Economic Outlook for the World’s Largest Economies — (Canada most sensitive to U.S. and Chinese growth)
U.S.—looking good after a very soft first quarter. Consumer sector, which accounts for 70% of growth, is benefitting from growing employment, rising wages, lower debt levels and improved housing prices. The potential for a Trump victory is the major cloud on the horizon.
China—growth is steady around 6.5%. Monetary and fiscal stimulus is supporting growth. Concerns about debt levels and imbalances remain: overcapacity in some industries, reliance on investment versus consumer spending, high personal savings and a limited social safety net.

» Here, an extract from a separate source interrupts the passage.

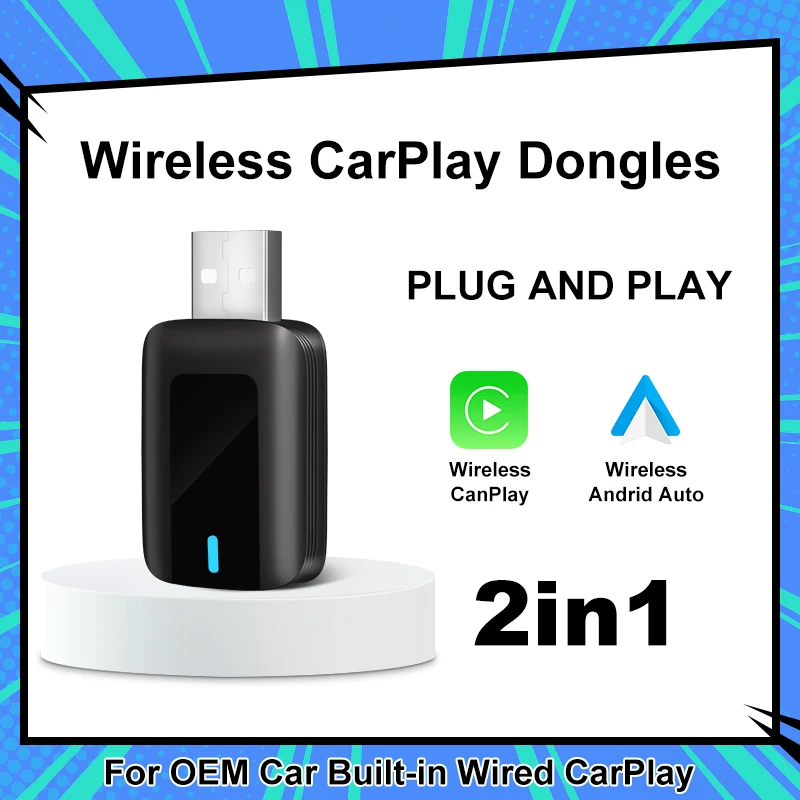 FLIXIVI CarPlay Wireless Adapter Android Auto To USB car play Wireless Intelligent Systems Wireless Adapter Mini AI Box for Car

Europe—uncertainty surrounding Brexit, if indeed it actually occurs, is hurting economic growth in Europe. The fallout from the 2008 financial crisis is still weighing heavily on this region — particularly the banking sector — so it is not in a strong position to weather the current storm. As a result, the European Central Bank is likely to implement further stimulus to support growth.
Global Equity Indices — (TSX a leader in the first half of 2016)

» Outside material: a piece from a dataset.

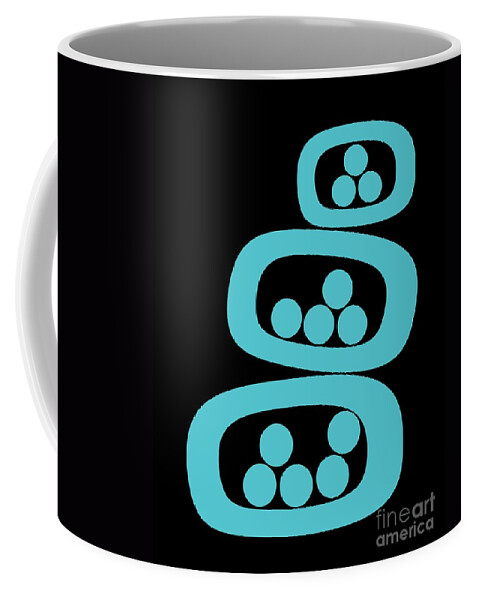 Abstract Coffee Mug featuring the digital art Turquoise Pods by Donna Mibus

The TSX Composite is regaining some of the ground lost to other world indices over the last two years due mainly to the collapse in oil prices. The index is up 10% to the end of June. Should the TSX surpass our 2016 target of 14,200 and hold above it, the index would be in a new trading range with a potential target of over 15,000.
The S&P 500 is down 2.6% in Canadian dollar terms. The rise in our dollar and less commodity sensitivity is limiting the returns on U.S. stocks. Our research indicates U.S. stocks represent fair value and have attractive long term return potential.
EAFE (Europe, Asia and the Far East) has experienced a return of -7% in Canadian dollars. Brexit and disappointing weakness in the Japanese economy have hurt results. Indications are European stocks are undervalued and this reflects the weak growth outlook.
TSX Composite — (2016 return powered by Energy and Materials)
Financial Services—make up 36% of the TSX Composite. Banks and insurance companies are the largest components. The group is up 3% so far this year (not including dividends). While low interest rates make the dividends in this sector very appealing, they are a headwind for earnings growth.
Energy—20% of the Composite. This sector is up 17% due to the recovery in oil and decline in bond yields. Pipelines and energy producers have performed better than the less cyclical integrated companies. Pipelines offer very attractive dividend yields with modest growth potential—a winning combination in this low interest rate environment.
Materials—have recorded a whopping 51% gain so far this year and account for 14% of the TSX. Mining stocks have led the rally on the back of a higher gold price and improvement in base metals prices like copper. Fertilizer stocks have been held back by soft demand due to weak grain prices.